The yard line for the down-and-distance, and the fact that Dallas' offense still was on the field in the second quarter at the Mercedes-Benz Superdome, spoke to the importance of the situation to the Cowboys.
Fourth-and-1, from one's own 43-yard line, trailing just 6-3, doesn't seem like the ideal situation to go for it.
But perhaps because the New Orleans Saints' defense had been the equivalent of a vice grip – Dallas had, in order, a punt, field goal, punt and lost fumble in its previous four possessions – against the league's fourth-best offense, and scoring opportunities were going to be rare, the Cowboys chose to bow up on their side of the 50-yard line.
With 1:36 left in the half, running back Ezekiel Elliott took a handoff and plowed two yards, the necessary distance to gain the first down.
The problem for Elliott was, by the time he fully had fallen to the turf, he no longer had the football.
During the mass of will imposition, Saints safety Vonn Bell proved to have the strongest ability and best vantage point to impose. Because while Elliott was cradling the ball, Bell managed to reach in and take it from him, and recovered the fumble that he forced.
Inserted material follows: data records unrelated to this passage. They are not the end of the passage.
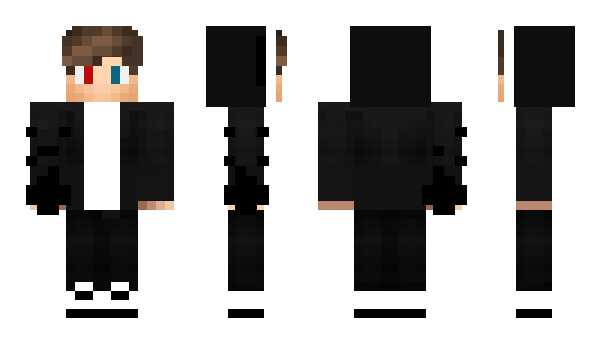Minecraft skin litbay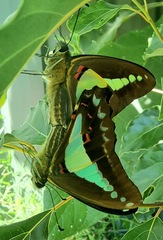 Graphium choredon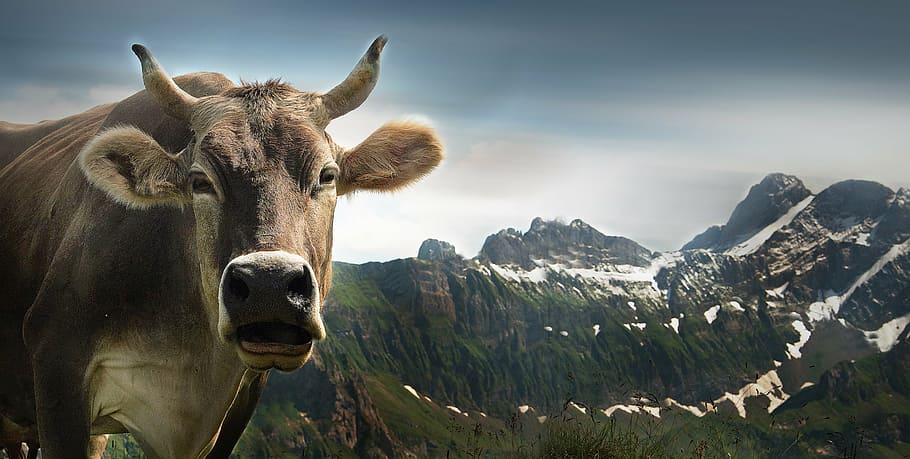 brown, cow, mountains, distance, edited, ebenalp, alpine, appenzell, swiss alps, switzerland
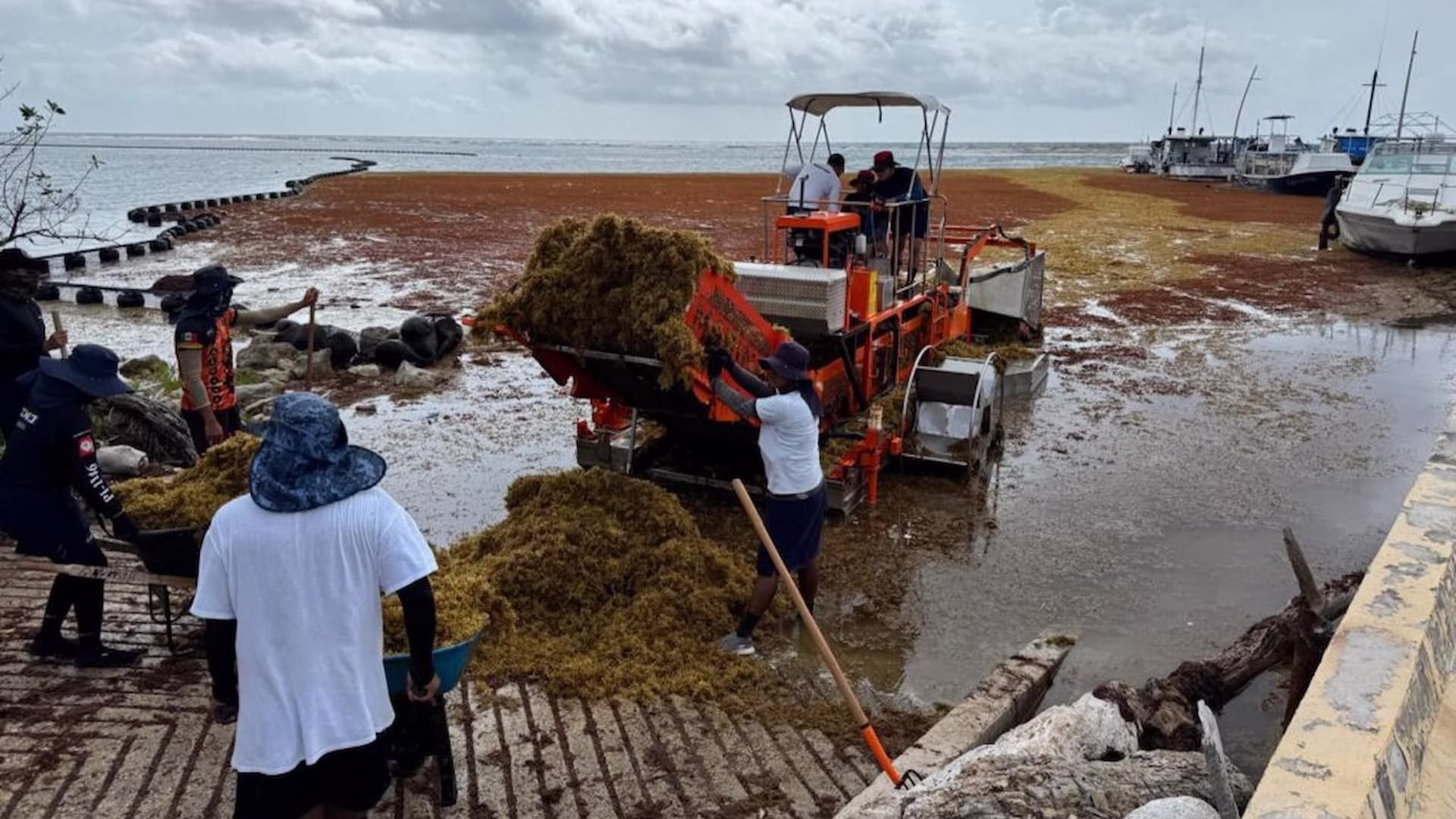Maquinaria y trabajadores retiran toneladas de sargazo acumuladas junto a la costa de Quintana Roo.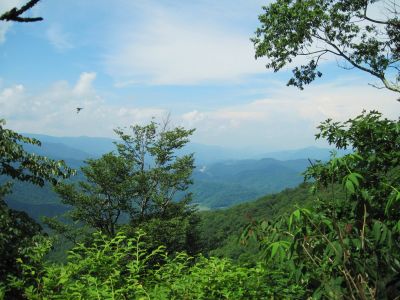 View From Hogback Ridge
June, 2010
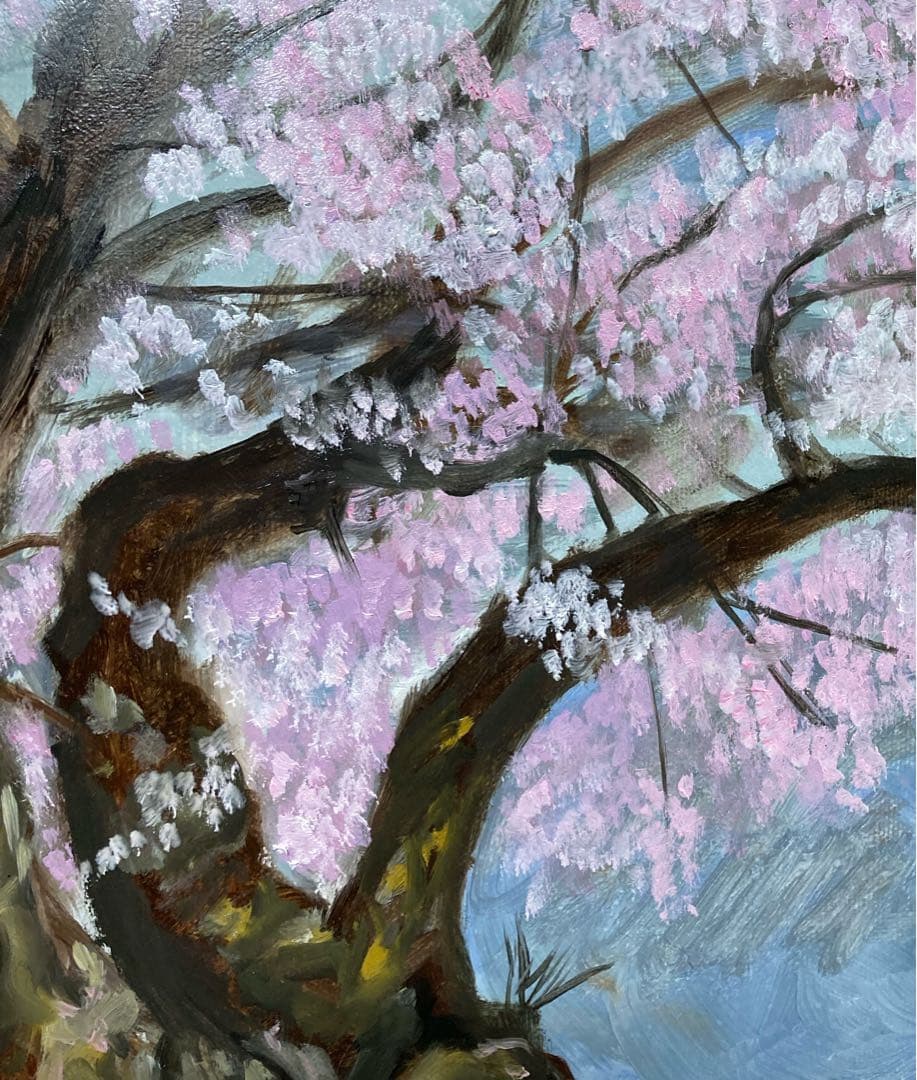 油彩画　「　さくらとこぼれ陽　」　原画　F6号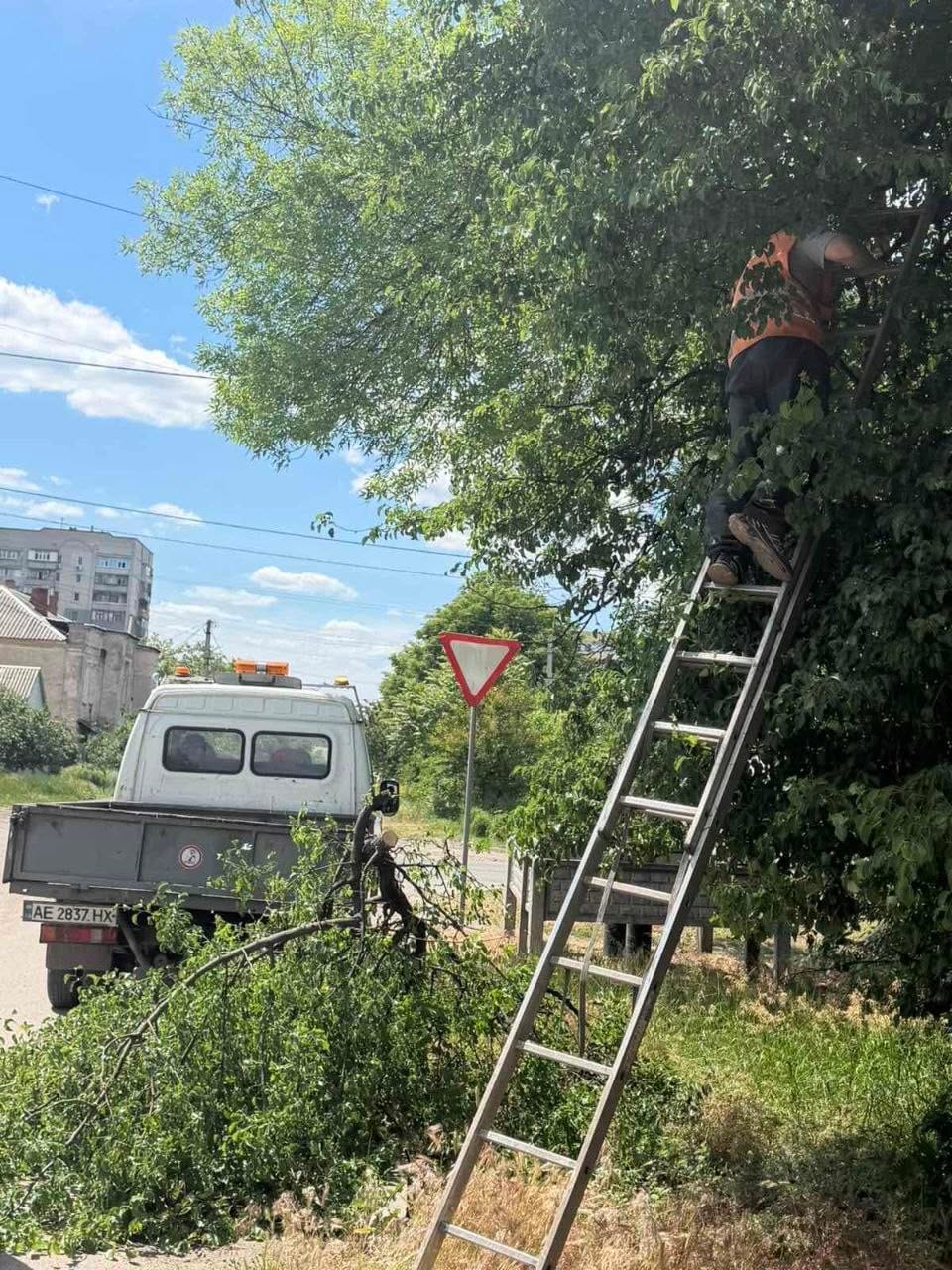716353754 1470034998472362 7952888308164118677 n | Pavlograd District — новини Павлограда та Західного Донбасу 716353754 1470034998472362 7952888308164118677 n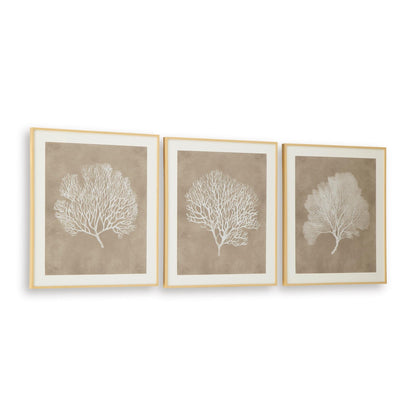 Signature Design by Ashley Hendridge A8000486 Wall Art Set - American Furniture of Slidell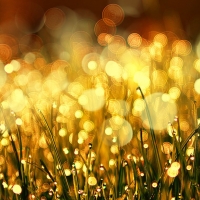 Autumn Grass Bokeh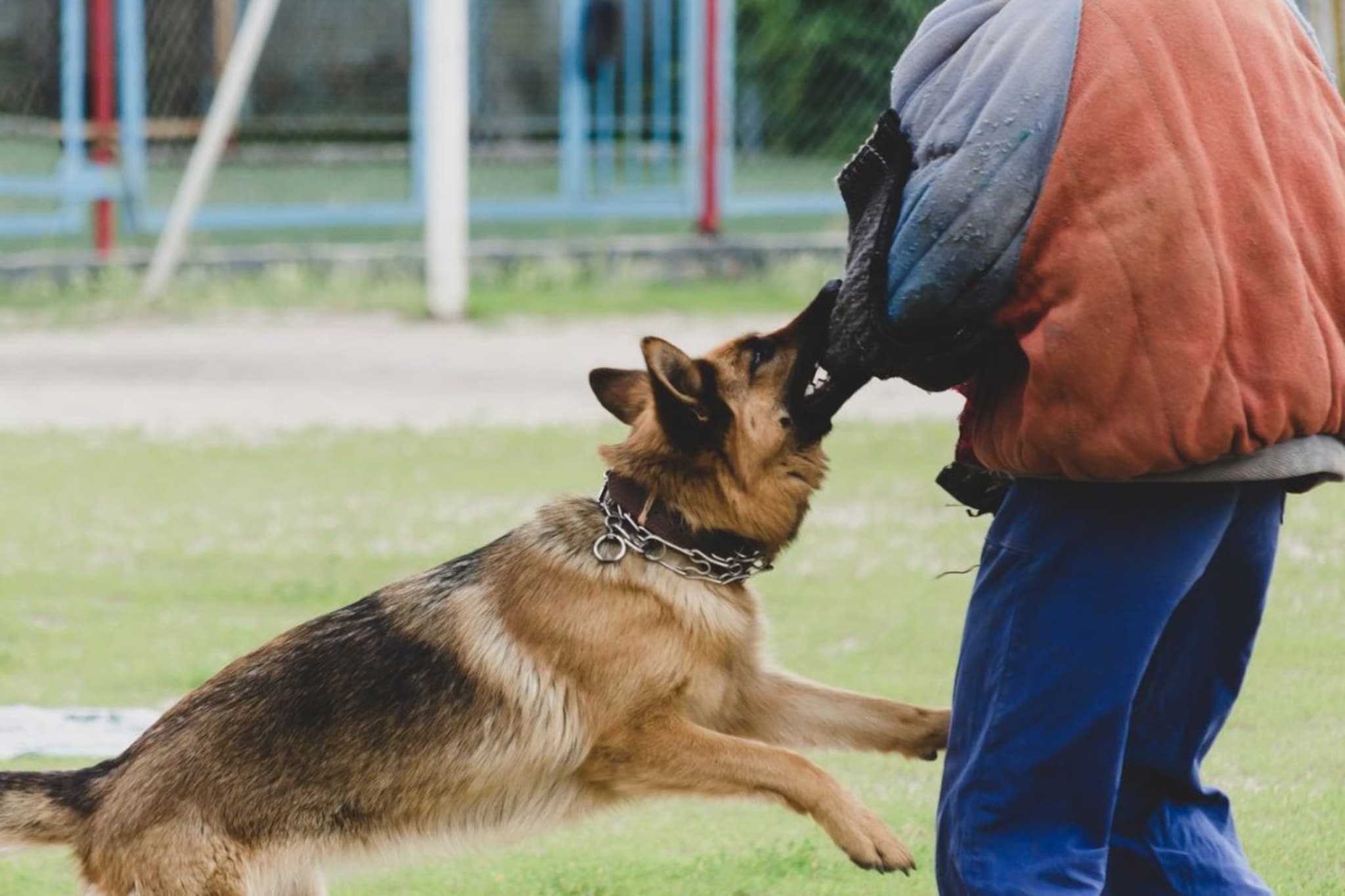 कुत्र्याने अंगावर झडप घातली तर काय कराल? 'ही' एक युक्ती वाचवू शकते तुमचा जीव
It was the second consecutive Dallas possession that ended with a lost fumble, and the second consecutive Dallas possession that Bell was the Saint who turned up with the football (linebacker A.J. Klein punched the ball away from Cowboys tight end Jeremy Witten on the previous possession).
Like the previous recovery, this one also silenced a Dallas scoring threat. And for the Saints, it set up a drive that resulted in a field goal as time expired in the half, giving New Orleans a 9-3 lead in what became its 12-10 victory.
One scoring threat averted and another converted, a significant development in a low-scoring defensive struggle.